* TASK GOAL *
Below are some records. Write out exactly their lines from the one with "Sick black female" through the one with "Home office with", and leave the pictures behind.

* GIVEN DATA *
+ + + +

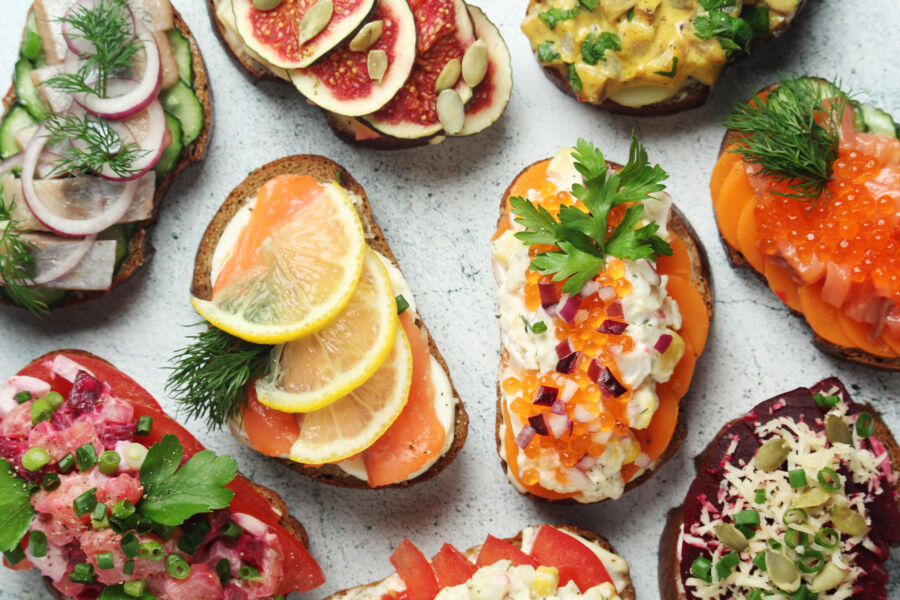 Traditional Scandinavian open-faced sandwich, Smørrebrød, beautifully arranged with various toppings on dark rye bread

+ + + +

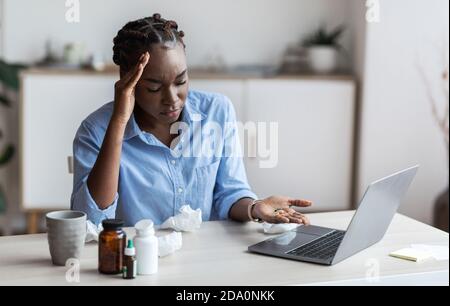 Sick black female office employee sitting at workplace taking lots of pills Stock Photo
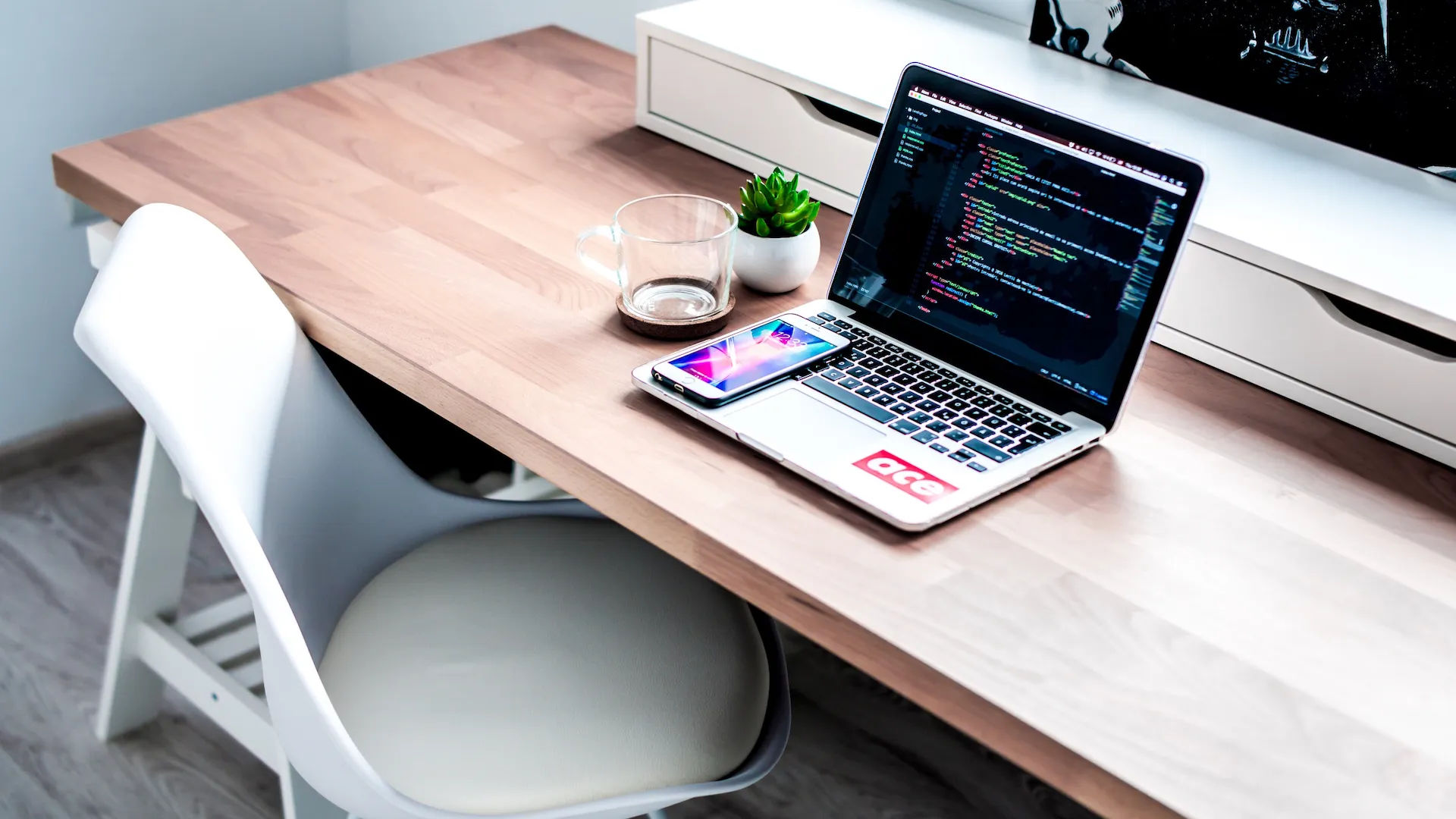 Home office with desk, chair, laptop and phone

+ + + +

* EXERCISE RESULT *
 Sick black female office employee sitting at workplace taking lots of pills Stock Photo
 Home office with desk, chair, laptop and phone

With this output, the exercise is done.